I signal this review of the book IT by Joseph Roach only as a pretext for spreading the word about another book.
The subject of Roach's book is that “secular magic”, or charisma, that few have and the rest of us are drawn by. He traces it back to post-Restoration England after the long yawn of the Puritan ascendency. I've got no idea about that, but the origin of the coinage is here given as Elinor Glyn, whose book It and Other Stories was published in 1927, though according to this site, IT dates back to her novel, The Man and the Moment.

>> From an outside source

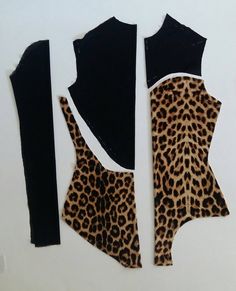 cut out pieces of clothing with black and brown animal print on them, including one top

In fact, the inventor of IT was that hoary of man of Empire, Rudyard Kipling. He did it in one of his most technically brilliant stories, Mrs Bathurst, published in 1904 in the collection Traffics and Discoveries.

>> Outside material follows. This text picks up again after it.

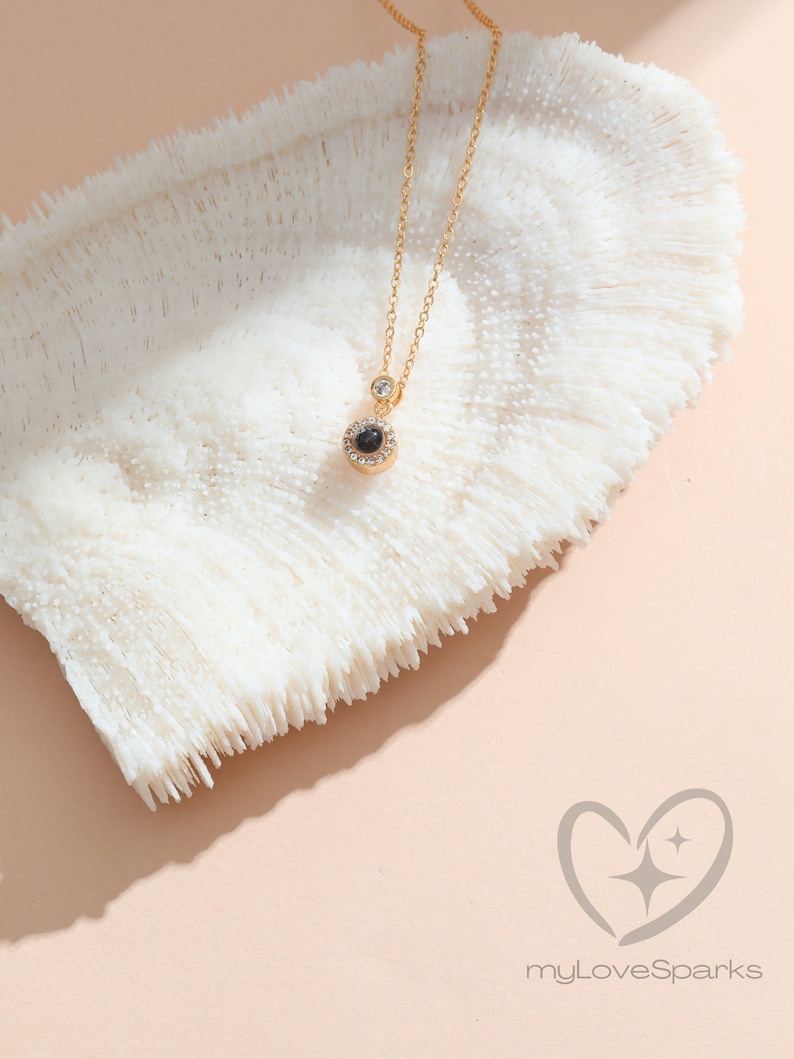May include: A gold necklace with a circular pendant containing a black stone and clear crystals. A single clear crystal sits above the pendant. The necklace is presented on a white, textured surface, with a gold chain.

I won't try to retell the tale; even the original is difficult enough to grasp, like capturing champaigne bubbles. Suffice to say that it involves the crazed pursuit of a man, Vickery, after a woman, Mrs Bathurst. It is not conventionally heroic. We are distanced from Vickery's story in that it is told within another, which is itself within the framing narrative. I think this is Kipling's way of putting into literary structure the impossibility of knowing what's going on in another person's head. Yet the attempt to know is worth the effort; he attaches with a stroke here and there an aura of tragic grandeur to this man we barely glimpse.

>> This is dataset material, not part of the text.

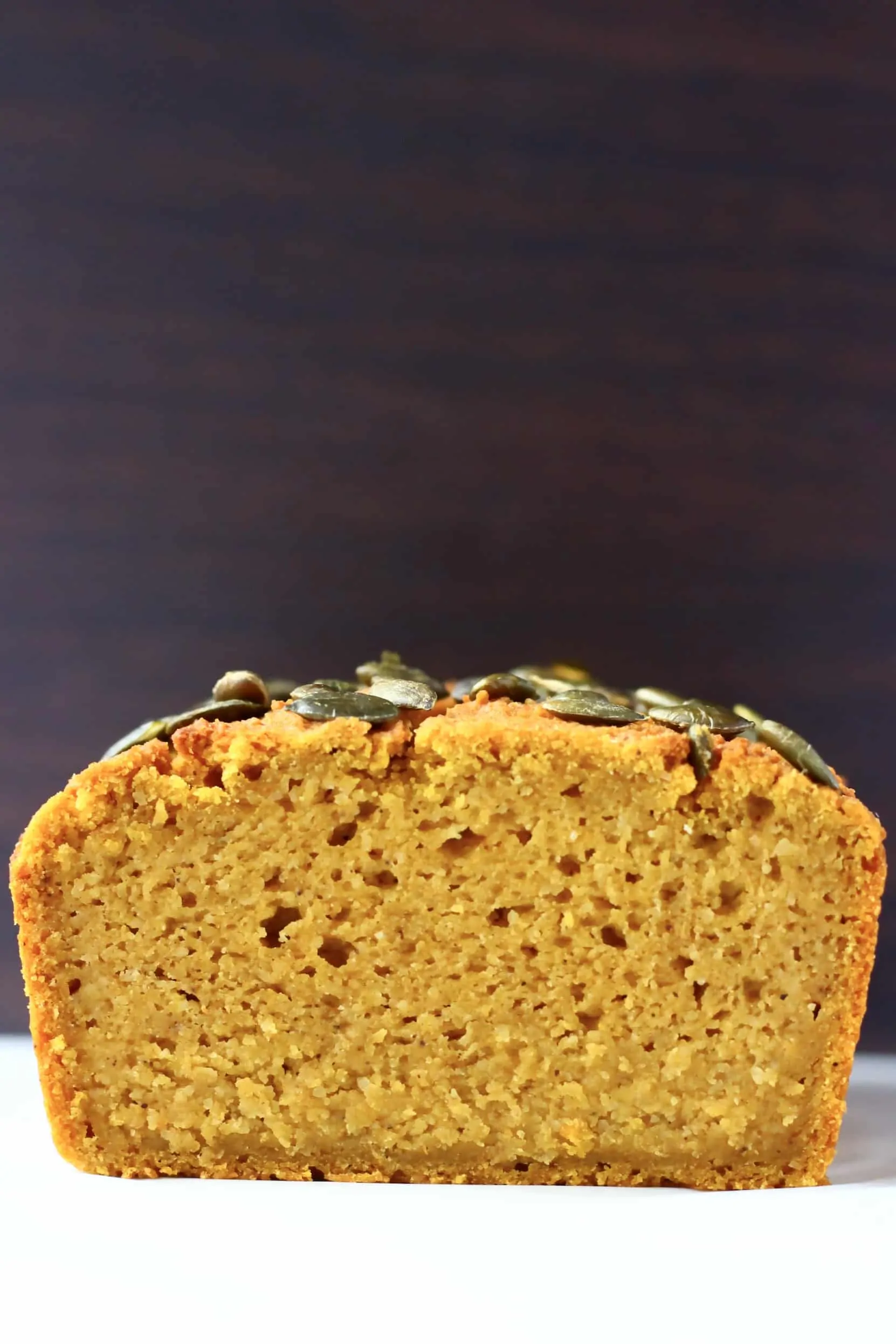 A sliced loaf of gluten-free vegan pumpkin bread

The source of this grandeur is, in part, Mrs Bathurst herself. Here is the main passage about her, and the origin of IT.
Said Pyscroft suddenly:
'How many women have you been intimate with all over the world, Pritch?'
Pritchard blushed plum-colour to the short hairs of his seventeen-inch neck.
''Undreds,' said Pyecroft. 'So've I. How many of 'em can you remember in your own mind, settin' aside the first - an' per'aps the last - an' one more?'
'Few, wonderful few, now I tax myself,' said Sergeant Pritchard relievedly.
'An' how many times might you 'av been at Auckland?'
'One - two,' he began - 'why, I can't make it more than three times in ten years. But I can remember every time that I ever saw Mrs B.'
'So can I - an' I've only ever been to Auckland twice - how she stood an' what she was sayin' and what she looked like. That's the secret. 'Tisn't beauty, so to speak, nor good talk necessarily. It's just It. Some women'll stay in a man's memory if they once walk down a street, but most of 'em you can live with a month on end, an' next commission you'd be put to it to certify whether they talked in their sleep or not, as one might say.'
'Ah!' said Hooper. 'That's more the idea. I've known just two women of that nature.'
'An' it was no fault o' theirs?' asked Pritchard.
'None whatever. I know that!'
'An if a man gets stuck with that kind of woman, Mr Hooper?' Pritchard went on.
'He goes crazy - or just saves himself' was the slow answer.
[I added the bold. Italics as in original]
Wonderful story. Read it at least three times.